Data entries:
▬▬▬▬▬▬▬▬▬▬
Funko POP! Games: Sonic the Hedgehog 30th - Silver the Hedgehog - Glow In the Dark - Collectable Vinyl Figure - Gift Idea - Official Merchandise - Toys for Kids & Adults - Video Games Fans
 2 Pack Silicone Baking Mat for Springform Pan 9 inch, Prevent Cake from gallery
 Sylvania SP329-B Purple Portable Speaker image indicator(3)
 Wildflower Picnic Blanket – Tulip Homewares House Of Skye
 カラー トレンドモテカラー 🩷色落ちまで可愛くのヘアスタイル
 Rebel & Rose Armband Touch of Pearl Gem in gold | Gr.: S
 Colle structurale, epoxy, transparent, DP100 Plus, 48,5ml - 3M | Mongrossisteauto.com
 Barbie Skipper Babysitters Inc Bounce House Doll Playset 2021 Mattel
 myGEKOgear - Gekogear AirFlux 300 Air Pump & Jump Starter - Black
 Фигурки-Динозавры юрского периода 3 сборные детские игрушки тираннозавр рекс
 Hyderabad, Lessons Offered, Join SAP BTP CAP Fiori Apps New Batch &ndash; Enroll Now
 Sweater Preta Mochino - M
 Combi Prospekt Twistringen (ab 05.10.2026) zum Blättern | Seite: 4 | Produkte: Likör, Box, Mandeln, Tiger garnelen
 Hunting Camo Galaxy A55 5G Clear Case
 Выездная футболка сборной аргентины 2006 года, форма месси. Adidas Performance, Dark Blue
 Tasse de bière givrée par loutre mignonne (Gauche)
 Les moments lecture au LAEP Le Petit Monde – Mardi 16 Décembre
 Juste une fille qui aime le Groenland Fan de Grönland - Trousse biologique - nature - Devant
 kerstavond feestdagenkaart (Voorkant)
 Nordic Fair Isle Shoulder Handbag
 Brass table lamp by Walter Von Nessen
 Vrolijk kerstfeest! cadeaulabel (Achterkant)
▬▬▬▬▬▬▬▬▬▬
When a line of the data holds the string "House", pick it out and copy it.

Solution to the problem:
 Wildflower Picnic Blanket – Tulip Homewares House Of Skye
 Barbie Skipper Babysitters Inc Bounce House Doll Playset 2021 Mattel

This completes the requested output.